● Source data:
**********

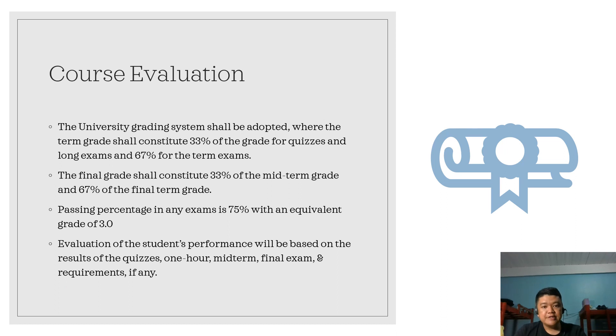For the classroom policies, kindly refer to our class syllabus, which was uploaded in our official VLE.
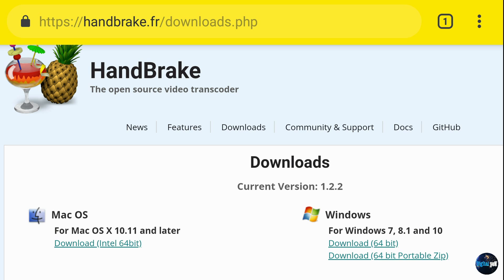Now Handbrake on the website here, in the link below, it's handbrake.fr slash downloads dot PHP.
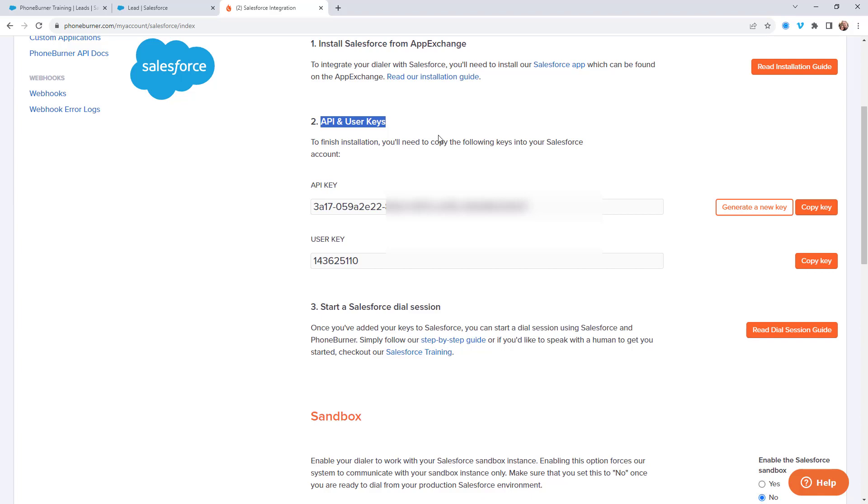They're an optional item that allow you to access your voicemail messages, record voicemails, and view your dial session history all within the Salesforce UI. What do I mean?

**********

● What is expected:
Word for word, reproduce all the data, but not the pictures.

● Response to the exercise:
For the classroom policies, kindly refer to our class syllabus, which was uploaded in our official VLE.
Now Handbrake on the website here, in the link below, it's handbrake.fr slash downloads dot PHP.
They're an optional item that allow you to access your voicemail messages, record voicemails, and view your dial session history all within the Salesforce UI. What do I mean?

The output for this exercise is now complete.